From 6969658543a73ec7f81a37d5ae9f27952d9c531b Mon Sep 17 00:00:00 2001
From: Serhiy Storchaka <storchaka@gmail.com>
Date: Tue, 21 May 2024 20:40:25 +0300
Subject: [PATCH 1/3] gh-119342: Fix OOM vulnerability in plistlib

Reading a specially prepared small Plist file could cause OOM because file's
read(n) preallocates a bytes object for reading the specified amount of
data. Now plistlib reads large data by chunks, therefore the upper limit of
consumed memory is proportional to the size of the input file.
---
 Lib/plistlib.py                               | 35 ++++++++++++------
 Lib/test/test_plistlib.py                     | 37 +++++++++++++++++--
 ...-05-21-22-11-31.gh-issue-119342.BTFj4Z.rst |  2 +
 3 files changed, 60 insertions(+), 14 deletions(-)
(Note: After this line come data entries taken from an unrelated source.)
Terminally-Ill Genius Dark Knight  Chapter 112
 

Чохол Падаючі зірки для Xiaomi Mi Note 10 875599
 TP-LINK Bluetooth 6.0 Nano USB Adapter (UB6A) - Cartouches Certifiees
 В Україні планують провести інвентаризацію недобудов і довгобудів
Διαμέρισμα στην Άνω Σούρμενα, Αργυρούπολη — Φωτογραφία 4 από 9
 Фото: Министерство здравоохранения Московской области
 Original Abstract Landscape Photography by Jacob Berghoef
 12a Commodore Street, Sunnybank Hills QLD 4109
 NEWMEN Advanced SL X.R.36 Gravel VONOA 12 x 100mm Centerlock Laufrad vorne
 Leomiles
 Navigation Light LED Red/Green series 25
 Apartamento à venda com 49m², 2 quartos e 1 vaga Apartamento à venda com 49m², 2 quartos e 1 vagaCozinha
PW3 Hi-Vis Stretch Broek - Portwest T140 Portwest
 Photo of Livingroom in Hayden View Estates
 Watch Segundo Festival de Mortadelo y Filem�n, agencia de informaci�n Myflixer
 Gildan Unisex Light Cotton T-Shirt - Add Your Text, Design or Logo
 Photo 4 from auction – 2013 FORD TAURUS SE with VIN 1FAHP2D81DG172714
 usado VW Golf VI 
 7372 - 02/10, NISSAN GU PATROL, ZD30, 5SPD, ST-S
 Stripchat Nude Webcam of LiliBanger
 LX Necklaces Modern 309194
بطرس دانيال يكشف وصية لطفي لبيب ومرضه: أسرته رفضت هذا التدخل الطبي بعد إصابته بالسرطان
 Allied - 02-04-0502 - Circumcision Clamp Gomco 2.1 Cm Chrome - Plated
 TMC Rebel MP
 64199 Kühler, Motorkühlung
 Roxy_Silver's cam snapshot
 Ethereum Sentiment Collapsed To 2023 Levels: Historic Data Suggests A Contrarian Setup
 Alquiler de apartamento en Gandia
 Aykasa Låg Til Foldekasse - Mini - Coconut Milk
 create mode 100644 Misc/NEWS.d/next/Security/2024-05-21-22-11-31.gh-issue-119342.BTFj4Z.rst

diff --git a/Lib/plistlib.py b/Lib/plistlib.py
index 67e832db217319..0365dc71090334 100644
--- a/Lib/plistlib.py
+++ b/Lib/plistlib.py
@@ -508,12 +508,31 @@ def _get_size(self, tokenL):
 
         return tokenL
 
+    def _read(self, size):
+        if 0:
+            data = self._fp.read(size)
+            if len(data) != size:
+                raise InvalidFileException
+            return data
+        cursize = min(size, 1 << 20)
+        data = self._fp.read(cursize)
+        while True:
+            if len(data) != cursize:
+                raise InvalidFileException
+            if cursize == size:
+                return data
+            delta = min(cursize, size - cursize)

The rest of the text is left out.